Ma sorge il problema dell'osservanza delle leggi da parte degli
stessi nobili. Le vie sono due: o quella di una "grande virtù", o
quella di una virtù minore, che è la moderazione. Nel primo caso i
nobili diventano eguali al popolo ed eventualmente formano una
"grande repubblica", cioè una democrazia; nel secondo caso, ossia
con la moderazione, i nobili si rendono eguali fra loro, e ciò
determina la loro conservazione; la moderazione è dunque l'anima del
governo, appartiene a uno solo; ma nella monarchia il governo è
saggio e temperato, nel dispotismo si ha al contrario il puro
arbitrio, la forza bruta. La monarchia si fonda sull'onore, il
dispotismo sulla paura.
È evidente che dalla democrazia al dispotismo abbiamo un graduale
regresso dall'unità di governanti e governati (democrazia) alla
piena dualità (dispotismo). A queste forme di governo M. commisura
una serie di fattori (territorio, vita economica, costumi) per
stabilire le reciproche compatibilità. Ciascuna forma di governo
presuppone dunque determinate condizioni; l'importante è che il
governo non sia dispotico, che cioè la libertà del singolo sia
garantita, intendendosi per libertà sicurezza della propria persona
e dei proprî beni (la proprietà è caratteristica della condizione
civile).
E a questo proposito M. si riferisce a due modelli, il governo
costituzionale inglese e la monarchia francese, limitata
dall'aristocrazia. In entrambi i casi si hanno quella divisione dei
poteri (legislativo, esecutivo, giudiziario), quella presenza di
diverse forze sociali con poteri proprî, che costituiscono la
migliore garanzia dell'autonomia del cittadino: in Inghilterra il
potere appartiene alle due camere e al monarca che si equilibrano a
vicenda; in Francia si hanno i corpi intermedî, formati
dall'aristocrazia e limitanti il potere monarchico; senza
aristocrazia si passerebbe allo stato popolare o a quello dispotico.
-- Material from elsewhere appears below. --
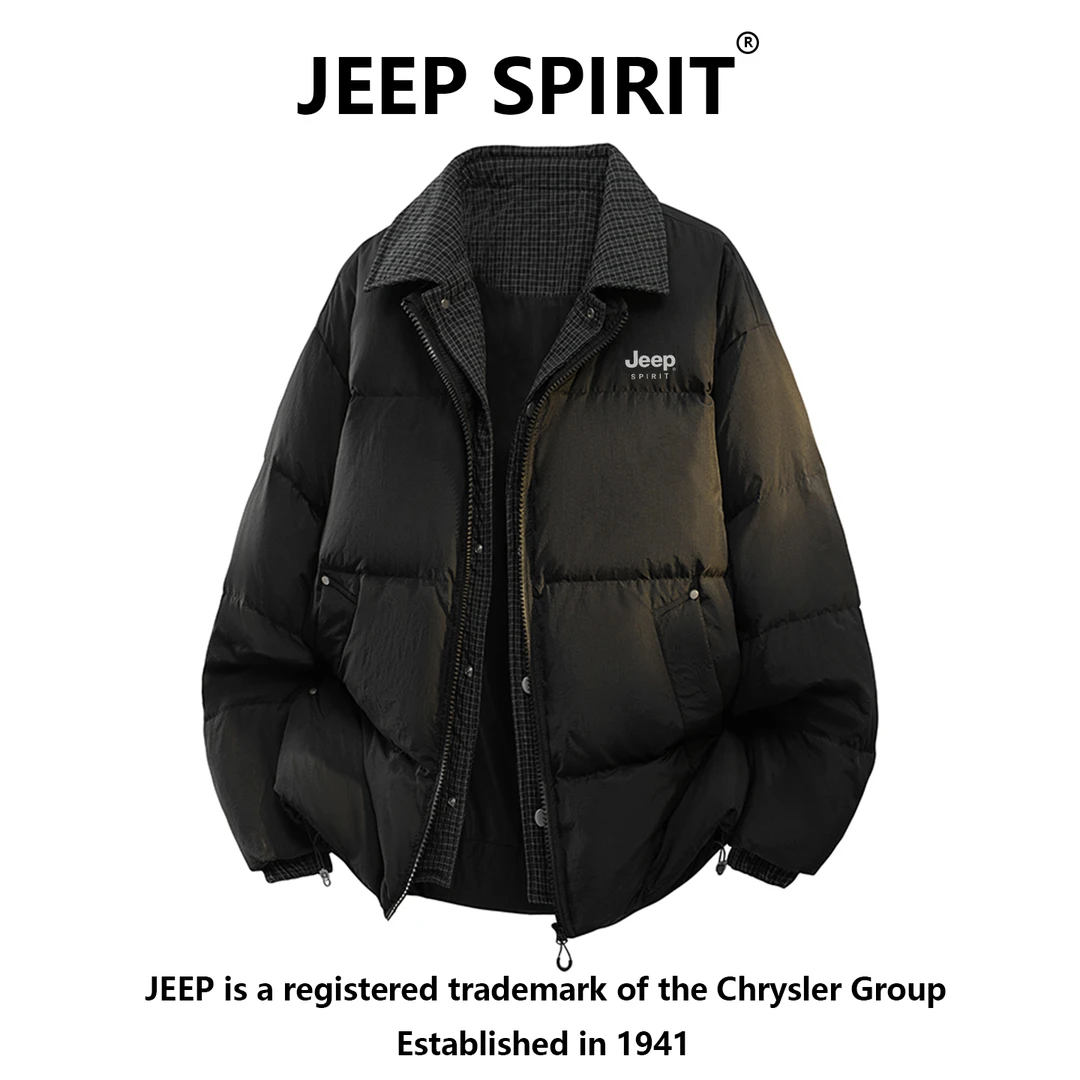 Jeep spirit羽绒服男冬季假两件外套加厚保暖羽绒服美式翻领夹克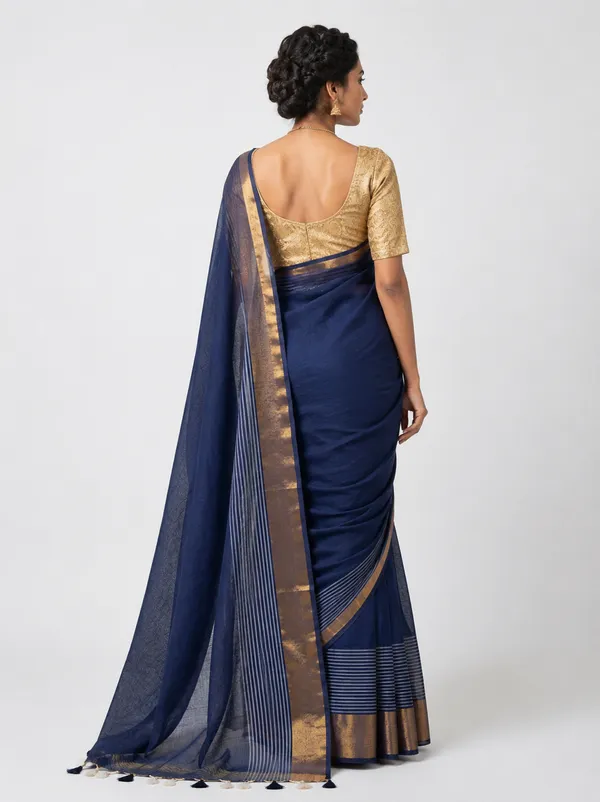 Cotton_Blend_Saree_with_Golden_Zari_Border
Questo "governo gotico", fondato sull'equilibrio dei privilegi, è
"il tipo migliore di reggimento politico che gli uomini abbiano
potuto immaginare". È evidente che con ciò debba intendersi che il
"governo gotico" francese (e il suo equivalente britannico) è il
miglior governo storicamente manifestatosi; mentre su un piano di
pura teoria la forma razionale di governo, quella che realizza
l'unità di governanti e governati, è quella democratica.